Weeks pass and we don’t go near the flagpole. At recess we see the boys out of the corner of our eyes. Some of them move on to other things, football, kick,ball, skateboarding. But some keep on, as out of habit, moving towards the flagpole like a fog and then dissipating, disappointed. After a while we forget to even watch them. We’re busy, with Grace, because she hardly knows anything at all.
The girls go to Grace’s house and play Monopoly and Candyland and Funny Bone. They teach her about the best seats in movie theatres and cherry Cokes and eyelash wishes, “the most sacred of wishes, a tiny curl bearing your most secret hopes.” Grace asks if she can wish for the same thing twice, and the trio is amazed, because they have such an endless list of things to wish for, they never considered running out: “We are awed to be in the presence of someone who wants so little”

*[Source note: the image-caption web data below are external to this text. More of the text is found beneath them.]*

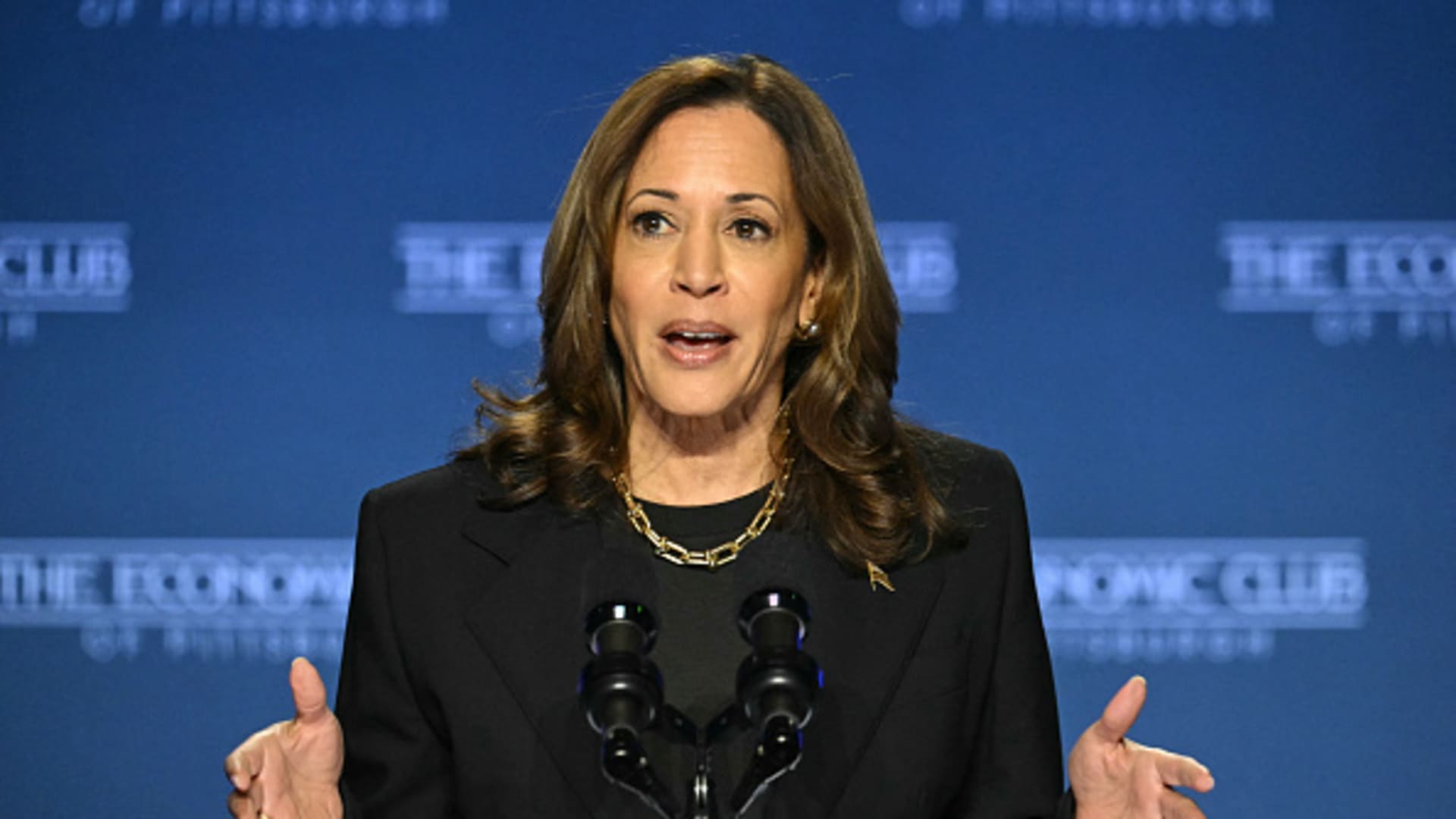 Wealthy investors support Harris over Trump, new survey says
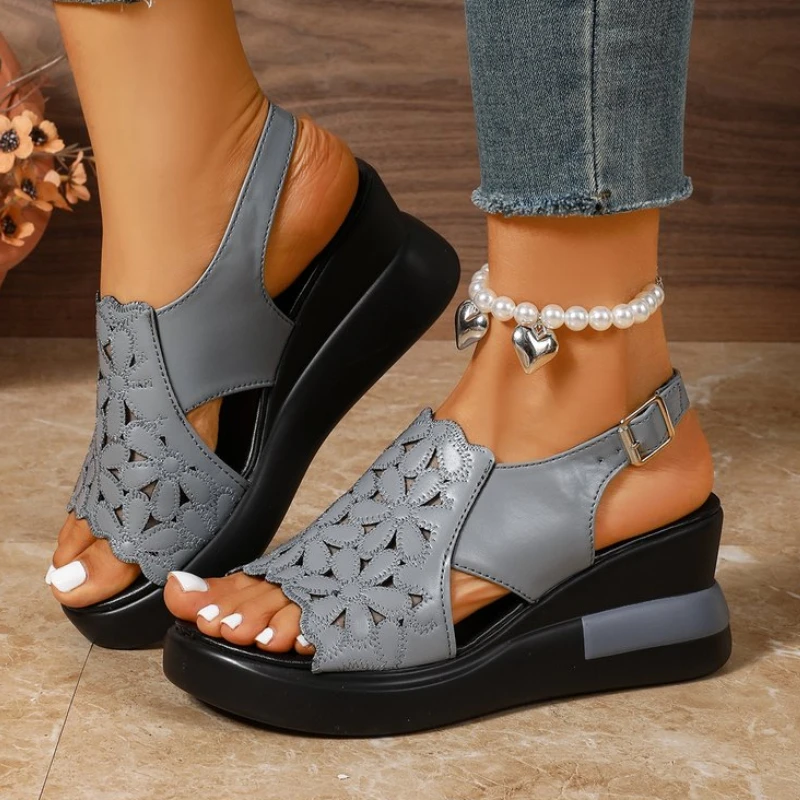 Modne damskie buty na platform – Wedge Heeled Sneaker recenzja i cena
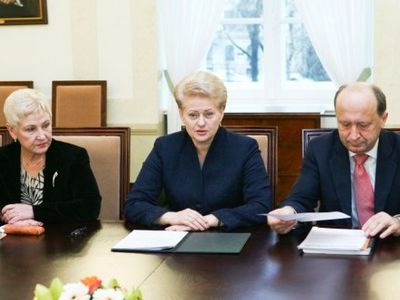 Премьер Литвы и спикер Сейма — против позиции президента и руководителя МВД
                                 - Литва и страны Балтии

Things change, of course. It’s a story, and in a story, things change, and in life, things change. Twelve-year-old girls, even lame ones, grow up. She wants to go see an R-rated movie, and they show her how to sneak in. They’re playing dress-up with Grace’s old Halloween costumes, and she puts on their clothes, a lace top and denim miniskirt and platform shoes. It’s probably as strange a getup for her as the witch’s hat is for them. She dresses differently after that. And she starts wearing make-up, except it isn’t real make-up, it’s watercolor paint because she doesn’t have make-up (I used colored pencils and Magic Markers, with equally disastrous results). The girls teach her how to shoplift a small stash of cosmetics.

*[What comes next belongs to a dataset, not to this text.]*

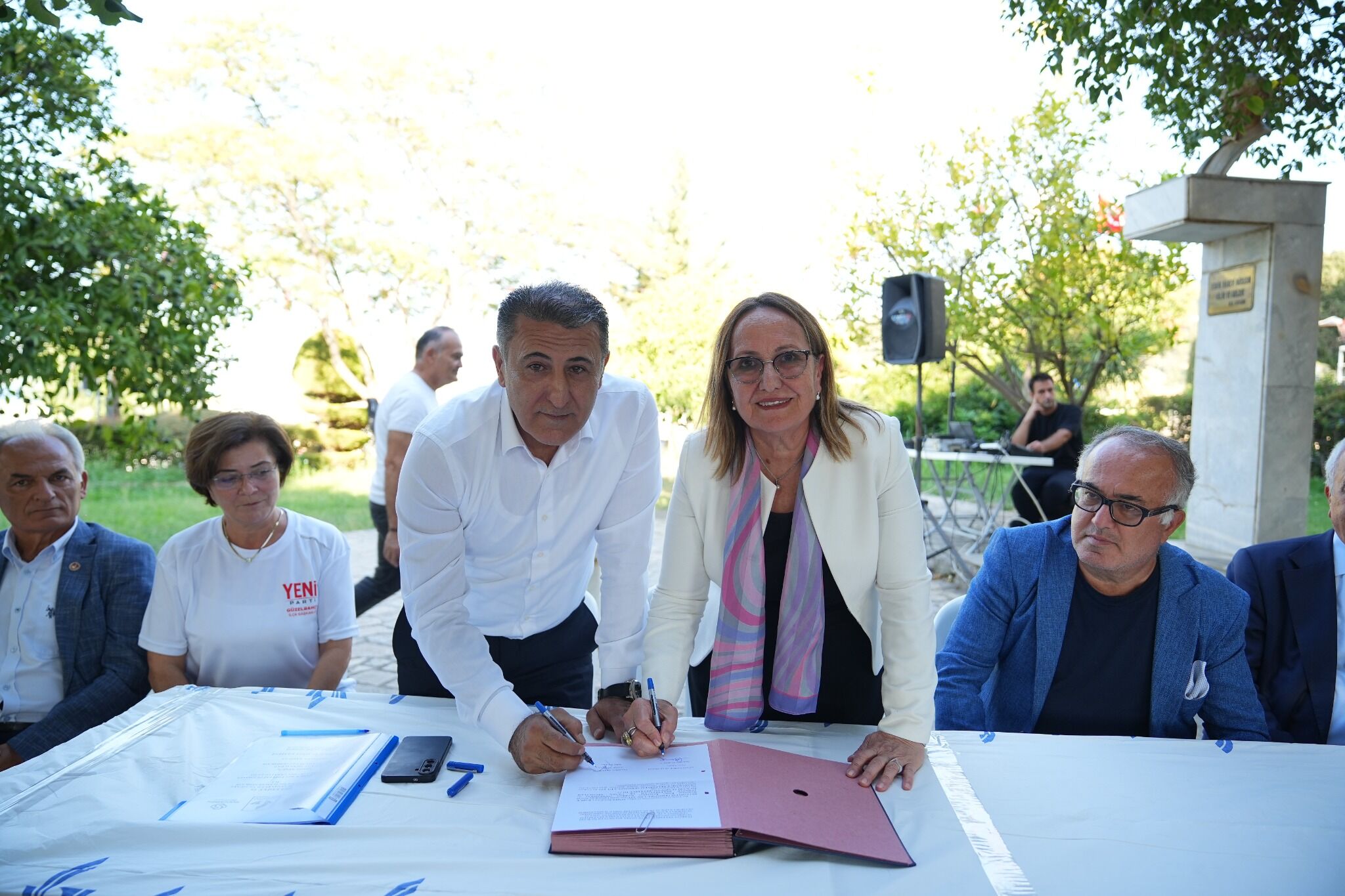 Güzelbahçe Belediyesi’nde toplu sözleşme imzaları atıldı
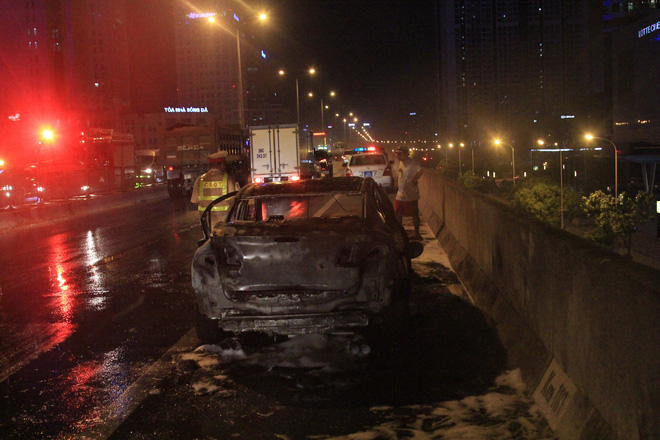 Hà Nội: Ô tô Mazda của thành viên ban nhạc Da LAB bốc cháy dữ dội trên vành đai 3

Sometimes we look at her, at this new creature with darkened eyes and sleek clothing, who keeps her head up in the hallways, who sees people look at her and bats her eyes and smiles. At first she looks like a stranger. But there’s something familiar about her….She’s still Grace, we remind ourselves. We cling to the simple things, the Candyland, to milkshakes, to eyelash wishes. She’s still our Grace.
Grace hears about the game from another classmate, and asks the girls about it. They won’t tell her. She snubs them for eight days (and I’d love to speculate on why eight days – the day after God rested after creation, bris bat, luck, something, but that would probably be over-reading), then shows up, worried she’s dying: that staple coming-of-age scene, another clueless girl’s first period. I have a problem with this, because no matter how sheltered she is, she’s got to have seen ads and products and heard conversations, and didn’t she ever attend a health class? I also find it unnecessary to the story. I’m sure it’s something to do with innocence, but it would be enough, I think, for her to need the girls’ help with her first period, without the dubious element of shock, to serve as fulcrum for what happens next:
She still wants to know about the game. Now more than ever.

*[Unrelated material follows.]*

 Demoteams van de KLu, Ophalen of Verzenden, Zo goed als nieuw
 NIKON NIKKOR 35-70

We know, now, that we can keep nothing from her, that we will have to teach her everything we know. The girl in front of us doesn’t even look like our Grace anymore….She looks just like us except fo her bare wrist. We want to slap her, to tell her she’s ungrateful.
They teach her the game. It’s a brutal scene equivalent to rape, and that’s even before they leave her standing alone at the flagpole, her wrists decorated with bracelets of all colors, the boys “lean and hungry” after “a long, lonely winter.”
So go ahead, tell me all the flaws. It’s still a gorgeous story, a perfect read even as I was ticking off flaws in my head, because it generated a power and a beauty of language and depth of empathy that drew me along, much as the power between boys and girls, between the safety and fun of childhood and the allure of adulthood, between the game and Grace. It’s a lot more than a postcard in box. It’s a diorama.